Na vã tentativa de remendar sua alma com coisas finitas, o homem se transforma num voraz experimentador e consumidor de tudo e de tudo quer se apropriar para saciar o vazio. Deseja o domínio da natureza, nem que para isso tenha que destruí-la. Essa busca ensandecida que nunca cessa Pascal chama de miséria em movimento. Para o filósofo, o homem é um conjunto de qualidades que, à medida que vão sendo desbastadas, não sobra nada, não fica substância alguma. Somos miseráveis, essa é para o filósofo a nossa condição fundamental. Há saída? Para Pascal, somente pelo reconhecimento da nossa miséria digna de reis destronados, pela fé e pela graça divina.
Olhando por essa perspectiva, talvez a filosofia de Pascal nos seja útil para entendermos o mundo de hoje, onde não há qualquer movimento no sentido da humanidade do homem, pois a crença em razões mais profundas parece definitivamente banida da sociedade planetária. Calou-se a filosofia, e a ciência quer traduzir Deus e o Universo numa equação matemática descartando tudo que não se adapte ao seu totalitarismo cognitivo. Tudo se fundamenta num materialismo enlouquecedor, em que o consumo afirma-se como a única razão de estarmos aqui. Quem não pode consumir não pode viver, pois não há nada além das vitrines dos shoppings do mundo.
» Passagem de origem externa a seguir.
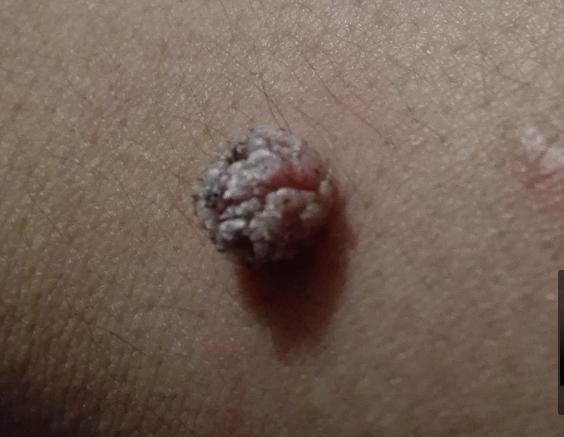 皮肤科的大神请进,手腕上长了一个肉瘤!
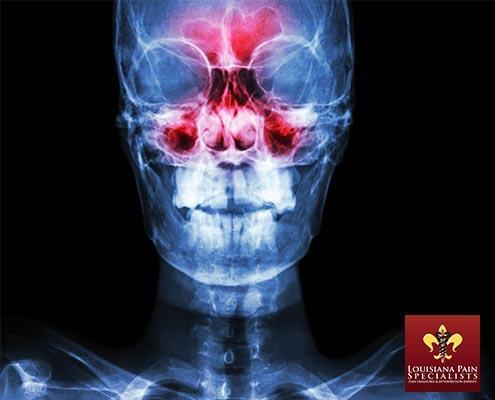 Sinus Headaches & Allergies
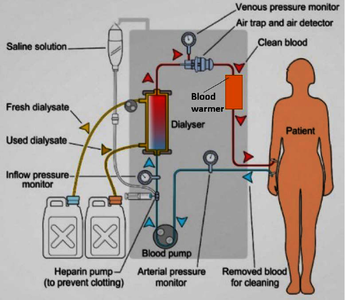 Design of Blood Warmer Medical Device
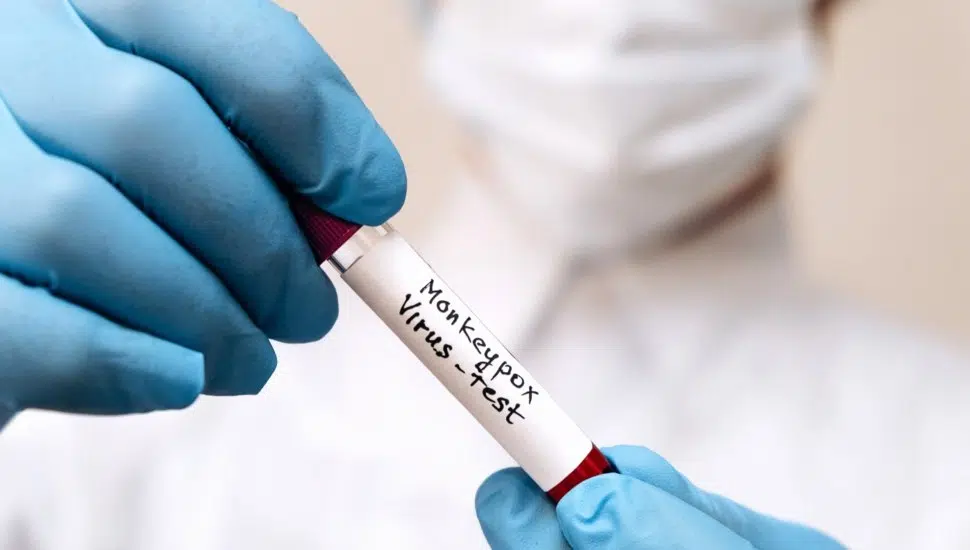 monkeypox testing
A melhor maneira de você enxergar a cadeira na qual se assenta é levantando-se dela e olhando-a de certa distância. Assim se dá com o mundo. Afaste-se mentalmente e olhe: onde você enxerga beleza, justiça, bondade, ciência sem soberba e a favor do homem, respeito e reverência à mãe Terra em vez de agressões absurdas que estão gerando um meio ambiente que já constitui ameaça de extinção da raça humana, onde você não enxerga bestialidade, perfídia, fome, dor, sofrimento, caos?
Os que perseveram dizem que há duas alternativas para o mundo dar um reset: o diálogo que produza um abraço afetuoso universal ou uma profunda regressão civilizatória seguida pela barbárie que jogaria tudo no chão, preparando um recomeço. Mas, apesar da fé, não acreditam na primeira alternativa e ainda duvidam da segunda, parodiando Rosa Luxemburgo: “Barbárie, se tivermos sorte”, o que quer dizer que talvez não tenhamos chance nem de nos enfrentarmos.
“Que quimera é, então, o homem? Que novidade, que monstro, que caos, que motivo de contradição, que prodígio! Juiz de todas as coisas, imbecil, verme da terra, depositário do verdadeiro, cloaca de incerteza e de erro, glória e escória do Universo”, interroga e sentencia Blaise Pascal.